Tuning forks, used to tune musical instruments have two long arms connected to a stem; the vibration of the arms (or "tines") produces a particular pitch defined by the frequency of the sound it produces. In John Shore's original tuning fork, invented in 1711, the note A vibrated at 423.5 Hz, but modern A tuning forks vibrate at 440 Hz.
The most common way to make a tuning fork of a certain frequency resonate is to hold the stem and strike the tines against a hard object. Any hard object is suitable for hitting a tuning fork; you can use a rubber hammer, your knee or any other surface that won't damage -- or be damaged by -- the fork. This percussive strike starts the two main tines vibrating, which then produces the note that the tuning fork is designed to create. Good tuning forks can resonate for up to two minutes.

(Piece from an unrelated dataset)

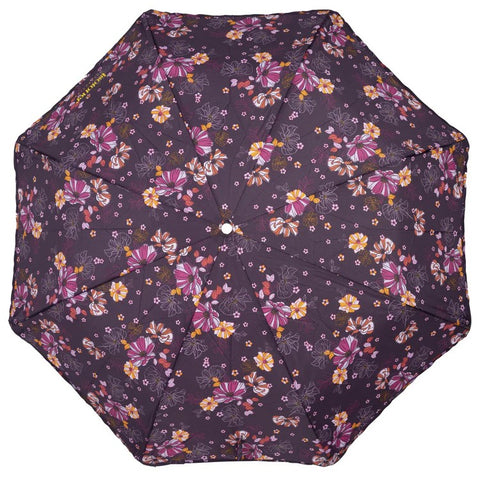 Parapluie Alpha X-TRA Solide Isotoner Fleurs aubergine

The basic physics behind tuning forks explains why the vibration of a fork produces a certain pitch. When you strike the tuning fork, the vibration of the tines disturbs the air molecules around it, squashing them closer together on its outward journey. As the two tines bend inwards, the surrounding air molecules are expanded. The frequency of these expansions and compressions determines the frequency of the sound wave produced and therefore determines the note produced by the tuning fork. The patches of this compressed air vibrate your ear drum, and your brain translates this to a sound. The pitch is dependent on the size of the tuning fork.

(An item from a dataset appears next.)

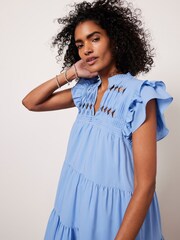 Mint Velvet Blue Ruffle Detail Mini Dress - Image 2 of 4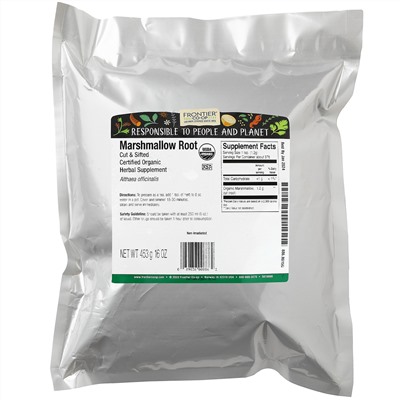 Frontier Natural Products, Органический порезанный и просеянный корень алтея, 453 г (16 унций)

Tuning forks are made from a complex alloy (as opposed to simple steel) to ensure that they resonate as well as possible. Different companies use different materials to make tuning forks; for example, a mixture of blue steel and chrome. The size of the tuning fork determines the note, so buy whichever tuning fork is most suitable for your instrument; A is the most common tuning fork, but an E tuning fork can be useful for guitar players as it vibrates at the same pitch as the thickest string on the guitar.
If you produce a sound at the same frequency of a tuning fork in close proximity to the fork, you can make it vibrate remotely. This reaction operates under the same principles responsible for the old joke about an opera singer smashing a glass with her voice. One loud, sustained note at the correct pitch will make a glass -- or tuning fork -- vibrate at its resonant frequency. The compressed air molecules vibrate the fork in the same way as they do your eardrums. Save your voice, however, as it takes a powerful set of vocal chords to vibrate a tuning fork, and you're likely to lose your voice before smashing a crystal glass.